Today was even weirder than usual. I was sitting on the front porch at our ranch this morning, having a cup of coffee and reading one of the oral history interviews that were done in the wake of the Masterson Crisis in 1969. Near the end of the interview, the subject made reference to a letter that I had never heard of before. From his description of the contents I knew that if it still existed, it would shed pretty strong light on some important matters.
Well, I just could not sit still. I had a decent idea of where to look for the letter so I threw my stuff into a bag, got in the car and took off for Houston. I had to talk myself out of a richly deserved speeding ticket in Wallis and I got a nail in my back right tire somewhere along the way. But I eventually straggled in to the Woodson, a little disheveled in ranch clothes and a ball cap. (No one blinked, by the way.)
And I found it! It was buried among some not-especially-interesting mimeographed flyers and college newsletters that were put out by students during the crisis. Now I have to sit and think about it for a while.
So, what am I telling you here? I’m telling you that I’m exhausted and I don’t have anything intelligent to say this evening. So I’m just going to put up an interesting picture that I don’t quite understand. Here it is:
This has to have been taken from East Hall, right? Or Baker Commons? 1915ish.
This would have been taken from the cloisters that ran between Baker Commons and East Hall before Baker Commons was lengthened so that it abutted East Hall at one corner. Early photos of the two buildings show a gap between them, with the cloisters providing a covered walkway between them. I don’t know when Baker Commons was lengthened, but you’ve posted at least one photo from 1950 that shows it had occured by then.
What and when was “Baker’s Commons”?
I lived in West Hall (Baker, I believe), in 1953-55. We had NO commons, except see below, for anything, at that time.
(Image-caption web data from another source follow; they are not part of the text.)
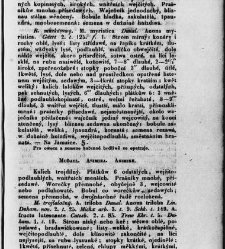 Jana Svatopluka Presla W&scaron;eobecn&yacute; rostlinopis, čili: pops&aacute;n&iacute; rostlin ....(1846) document 622658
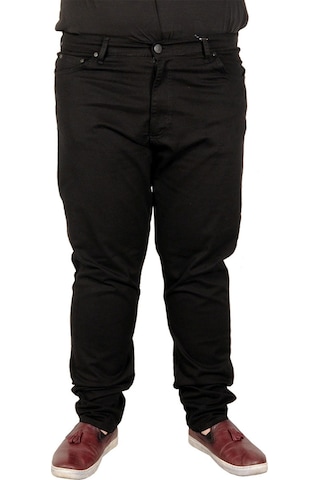 Mode Xl Erkek Pantolon Keten Neptun Klasik 20902 Siyah Mode Xl Erkek Pantolon Keten Neptun Klasik 20902 Siyah
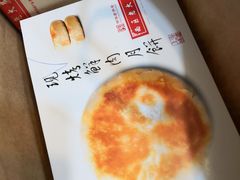 -西区老大房(愚园路店)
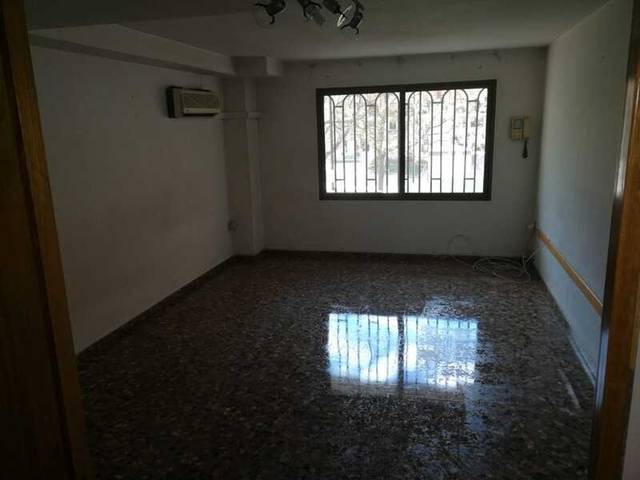 Local comercial en Venta en Zona Avenida del Mar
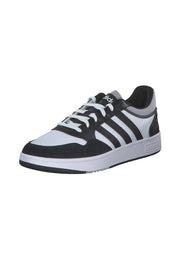 Zapatillas Adidas Hoops 3.0 ADIDAS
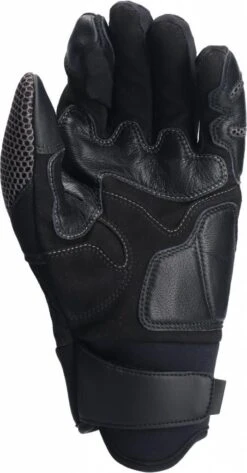 DAINESE X-MOTO Lederhandschuh -Motorradladen dainese x moto lederhandschuh schwarz anthrazit s 647006sas 2 2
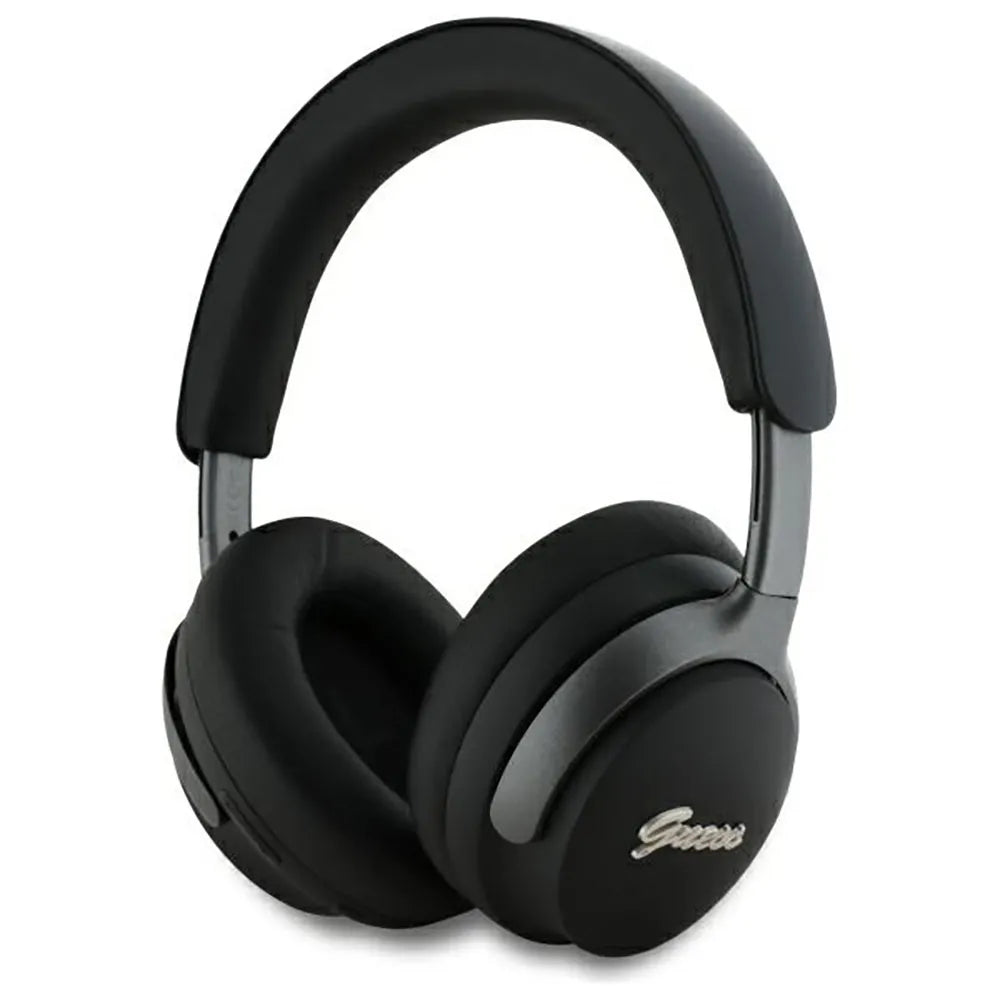 Guess GUBHC22PSFCSMK wireless earphones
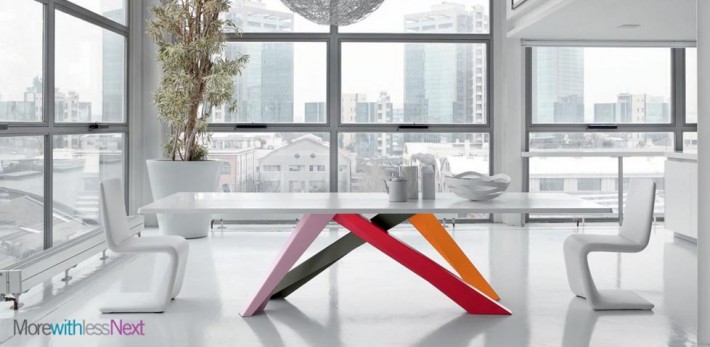 bonaldo palermo 02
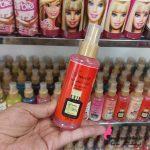 قیمت عمده بادی اسپلش 125 میل اسمارت شاین دار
We dined at Mrs. Hardy’s exquisite East Hall then.
By the way, Brad Thompson ’55, and I were the resident ‘docs’ in training at the Health Service (? proper name) that existed in West Hall during those years. There was a nurse in attendance week days, and 2 M.D.s alternating sick call some mornings, but I can’t remember how frequently; one was Hugh Welsh, father of my classmate Hugh Welsh of ’56.
The Health Service occupied the bottom floor of the south end of West Hall. There was even a sick ward (about 4 beds as I recall). I don’t remember ever having any females in the sick ward, and don’t know where they might have been treated. Brad and I lived in a room on the second floor above the Health Service, using the Common Bathroom for the entire floor. [Now, that was common!]
Well, now that I wrote my above reply, I can see and read James Medford’s material about Baker Commons.
James, now you have me wondering about whether I lived in Baker Hall, at all.
“And I hope you’re satisfied, you rascal you.”
West Hall became part of Hanszen College in 1957. The Health Service continued to occupy that same location for a few more decades. East Hall became part of Baker College in 1957, and the Commons (the old dining hall) became Baker Commons.
I was at Berkeley polishing on my dissertation in ’69; so I don’t know what the “Masterson Crisis in 1969” was about. Can someone expand a bit on that topic?
The board rather abruptly appointed William Masterson president without having consulted with faculty and students, even though they had asked the faculty to form an advisory committee. Masterson was a Rice alum, the first master of Hanszen, and had taught and served here for many years before he left in ’66 to be president of the University of Chattanooga. For many reasons this was an extremely unpopular choice. The combination of that unpopularity and the total lack of consultation led to a revolt. Masterson resigned four days after his appointment was announced.
Actually, one of my favorite posts of yours. It shows the determination and passion (and exhaustion) when searching for a deeper understanding of events. (It also shows how an offhand reference can point someone to an item that was right under their nose).
Thanks very much, David. I appreciate your kind words more than I can tell you.